Sécurité au travail : les plaies de l’informel

Sécurité au travail : les plaies de l’informel

ALM : Quelle est la situation au Maroc en matière de la sécurité au travail ?
Khalid Missaoui : Ce que je peux vous dire, c’est que ça commence à prendre forme.
Il y a en fait actuellement une plus grande demande en matière de sécurité au travail de la part des entreprises marocaines. Ces dernières prennent de plus en plus en considération le fait que la vraie richesse de l’entreprise réside dans son potentiel en matière de ressources humaines et de la manière dont celui-ci est géré. Cette richesse réside également dans la maîtrise des risques. Cet engouement a démarré avec la mise en place de nouvelles normes en matière de management de la santé et de la sécurité au travail.

Que permettent ces normes aux entreprises marocaines ?
Ces normes donnent aux entreprises un fil conducteur qui leur permet de se pencher sur les problèmes liés aux  dangers générés par leurs activités. En effet, les systèmes de management de santé et de la sécurité au travail se basent sur une analyse des risques permettant l’identification de tous les dangers présents dans l’entreprise et leur évaluation. Une bonne connaissance de ces risques permet à l’entreprise d’une part d’anticiper leur survenance à travers l’élaboration de mesures de prévention et d’autre part de réduire leurs conséquences par la mise en place de mesures de protection. Il faut savoir qu’actuellement, nous assistons à une demande croissante de la part des entreprises pour la mise en place de tels systèmes.
Il existe actuellement de plus en plus d’entreprises marocaines certifiées en matière de management de la santé et de la sécurité du travail. Il faut savoir que le Maroc comptera, d’ici la fin de l’année en cours, entre 10 et 15 entreprises qui disposent d’un système de management de la santé et de la sécurité au travail, ce qui est un pas énorme.

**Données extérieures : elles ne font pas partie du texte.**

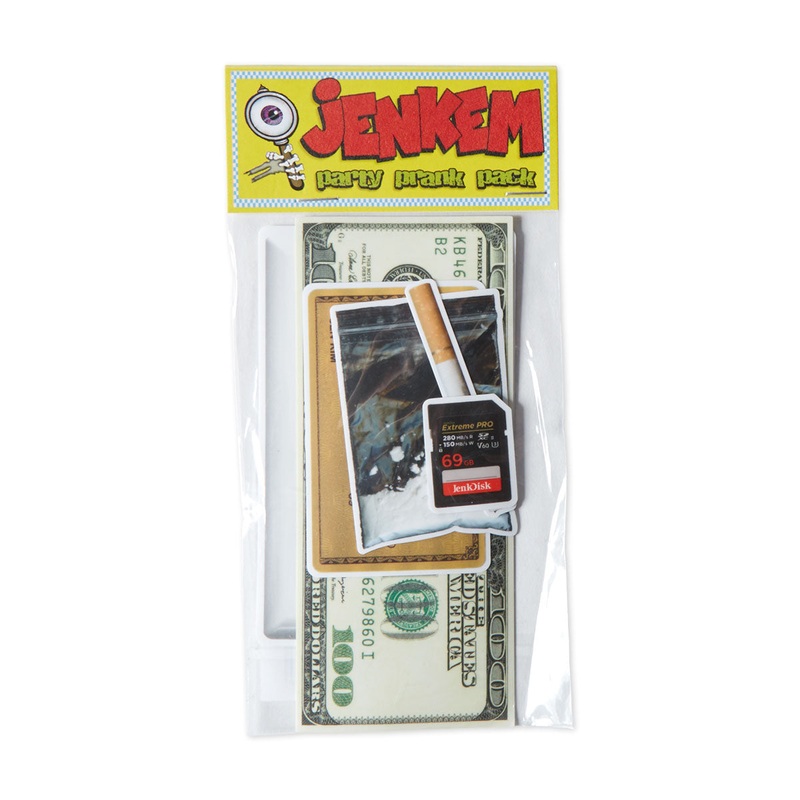 Jenkem Party Prank Pack Of Stickers – Multi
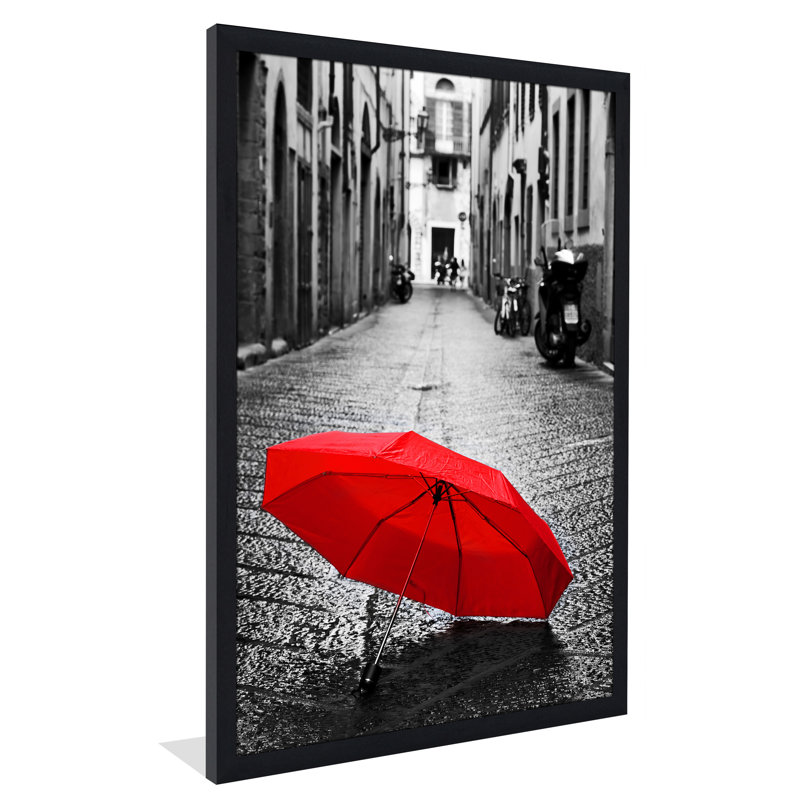 « perte de parasol », reproduction de photo encadrée, H 39,5 po x l 27,5 po x P 0,75 po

Quel est l’état des lieux en matière de la sécurité au travail en ce qui concerne le secteur informel ?
Il faut d’abord avouer que c’est extrêmement difficile de mettre en place des normes de sécurité au travail pour le secteur informel. En fait, il est pratiquement impossible de contrôler les entreprises qui emploient les gens sans les déclarer. Quand vous passez par exemple devant des chantiers en construction, la première des choses qui vous saute aux yeux est l’absence totale de mesures de sécurité au travail. Les ouvriers travaillent sans équipements de protection individuels.
Ils sont en contact direct avec les situations à risques. C’est simple, rien n’est fait pour rendre leurs conditions de travail plus favorables et donc moins risquées. Dans l’environnement marocain, on compte donc les grandes entreprises qui se sont mises sans problème à l’application des systèmes de la sécurité au travail et qui sont bien avancées en la matière.  Et parallèlement, cette fois-ci au niveau le plus bas, on compte toutes ces structures qui évoluent dans le secteur informel et qui sont toujours à la traîne, en bons derniers de la classe. Et basculant entre les deux, il y a les PME.

Peut-on envisager une solution pour intégrer les mesures de la sécurité au travail dans le secteur informel ?
Cela peut être envisageable. L’idée est que les grands groupes, les donneurs d’ordres ainsi que les entreprises de manière générale imposent un certain nombre de normes et de moyens de sécurité au travail aux entreprises à qui ils font appel pour l’attribution de leurs marchés.
Ça sera un moyen d’obliger ces dernières à se conformer aux normes en vigueur. Il faut cependant se rendre à l’évidence : on ne peut pas changer la manière de travailler des gens du jour au lendemain, mais cela peut devenir possible et même réalisable dans le cadre d’une mise en place progressive des mesures de sécurité au travail.
Cela demandera certes un gros travail de sensibilisation et de contrôle.